* [What needs to be done]: Drop every image and restate the entries below word for word.
** Opening Source material block **
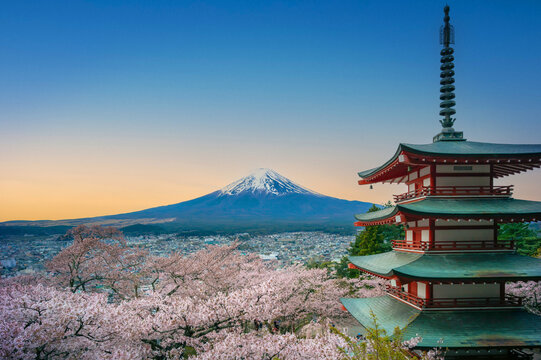 桜　富士山　日本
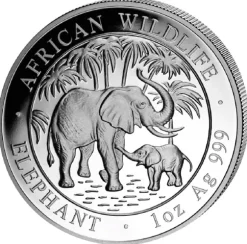 Somalia Elefant 1 Unze Silber 2007*
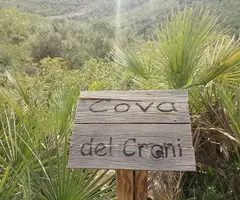 Photographie de CRANI, COVA DEL (1 sur 4)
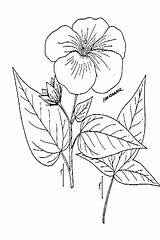 Drawing Taro Plant Plants Getdrawings sketch template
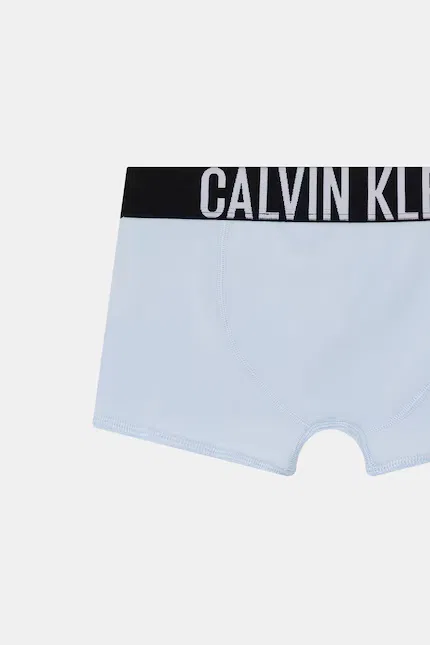 Боксеры детские хлопковые 2 шт Calvin Klein Underwear, синий — фото 4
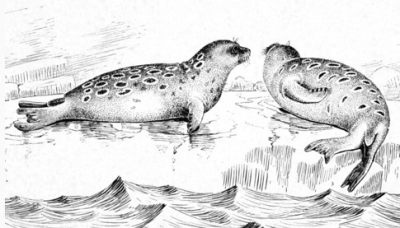 Кольчатая нерпа 4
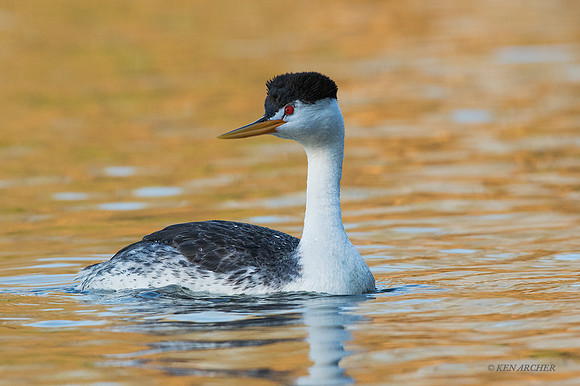 CLGR00576 - Clark's Grebe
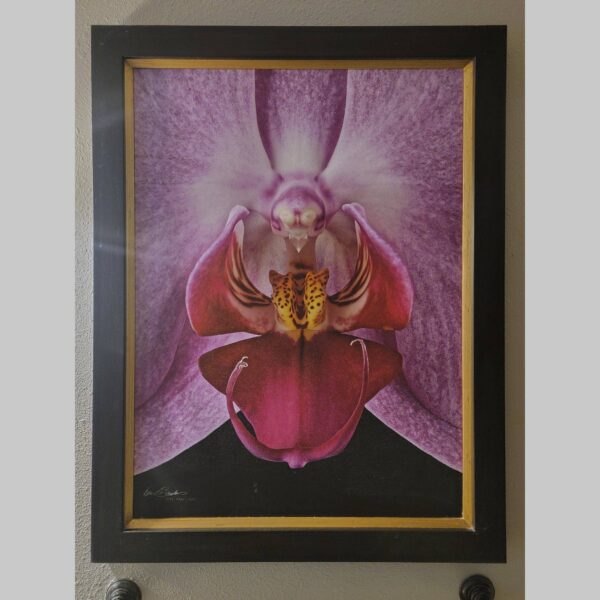 Framed Orchid Study - Documentation - 56 Photographic documentation of a physical, museum-grade orchid study and custom frame by Kevin G. Saunders. This close-up capture verifies the material texture and depth of the manual artistry produced at 107 Blue Star. Physical reality asset; not a digital mockup.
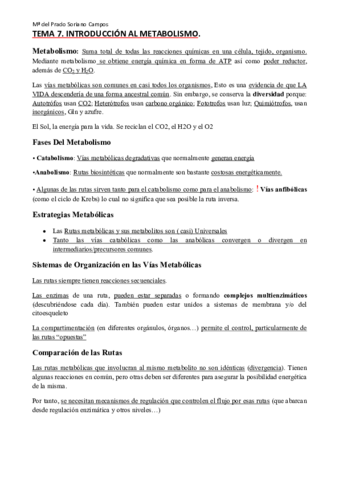 Apuntes-bloque-II-.pdf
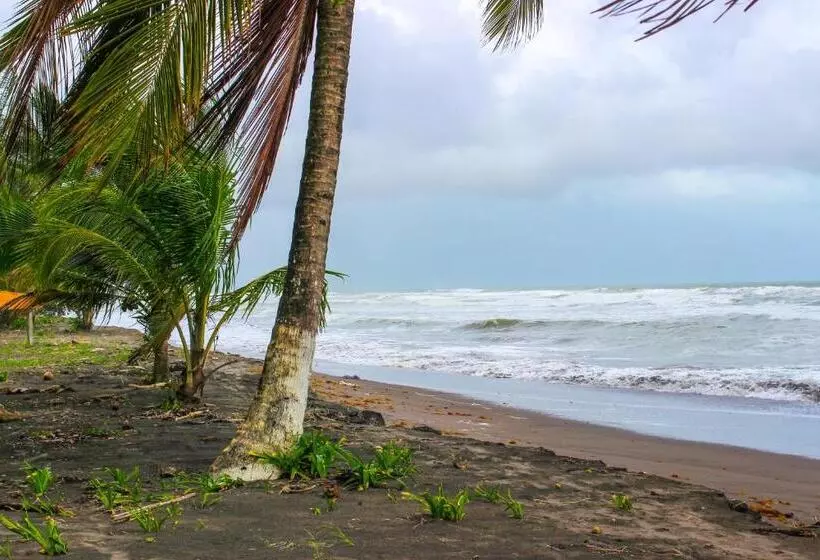 ホテル Tortuguero Beachfront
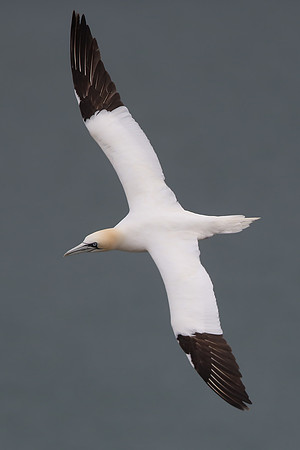 Gannet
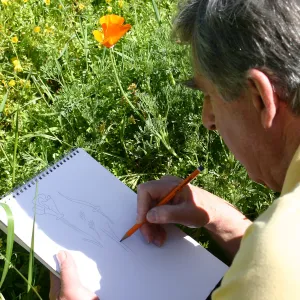 Patrick O'Hara sketching a poppy in the Meadow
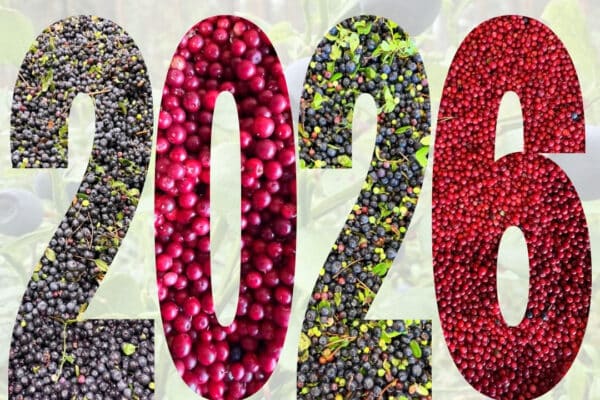 Kiitos satokaudesta 2026!
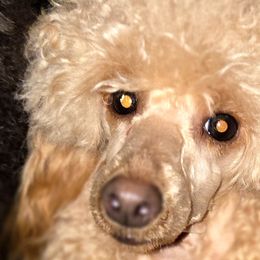 Poodles from High Desert Companions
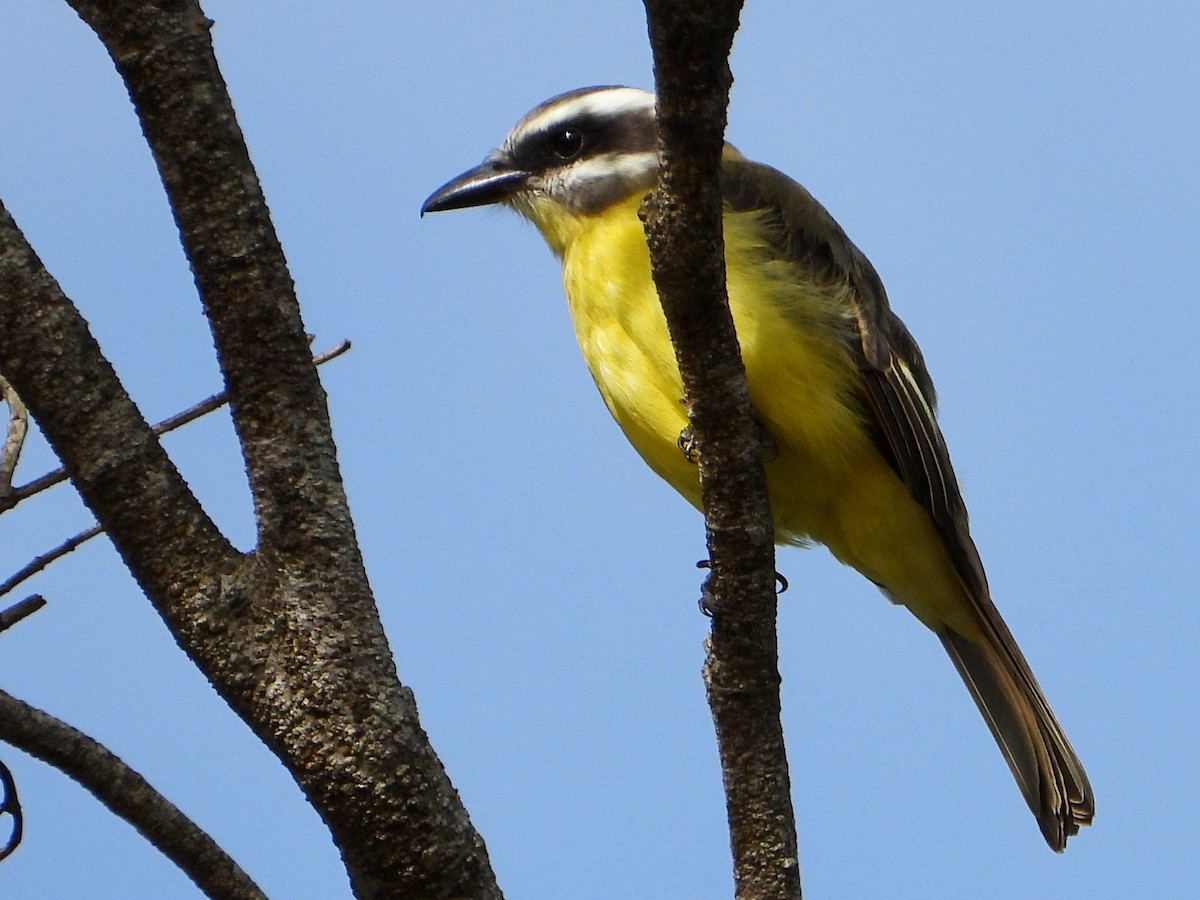 Golden-bellied Flycatcher - ML642028487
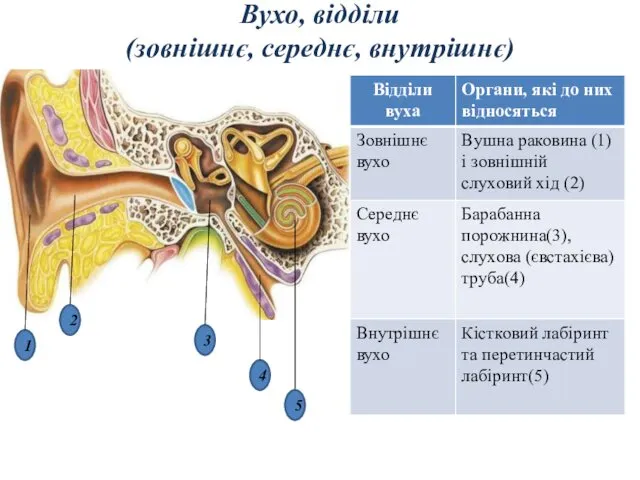 Вухо, відділи (зовнішнє, середнє, внутрішнє) 1 5 4 3 2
** Closing Source material block **
* [Answer space]:
 桜　富士山　日本
 Somalia Elefant 1 Unze Silber 2007*
 Photographie de CRANI, COVA DEL (1 sur 4)
 Drawing Taro Plant Plants Getdrawings sketch template
 Боксеры детские хлопковые 2 шт Calvin Klein Underwear, синий — фото 4
 Кольчатая нерпа 4
 CLGR00576 - Clark's Grebe
 Framed Orchid Study - Documentation - 56 Photographic documentation of a physical, museum-grade orchid study and custom frame by Kevin G. Saunders. This close-up capture verifies the material texture and depth of the manual artistry produced at 107 Blue Star. Physical reality asset; not a digital mockup.
 Apuntes-bloque-II-.pdf
 ホテル Tortuguero Beachfront
 Gannet
 Patrick O'Hara sketching a poppy in the Meadow
 Kiitos satokaudesta 2026!
 Poodles from High Desert Companions
 Golden-bellied Flycatcher - ML642028487
 Вухо, відділи (зовнішнє, середнє, внутрішнє) 1 5 4 3 2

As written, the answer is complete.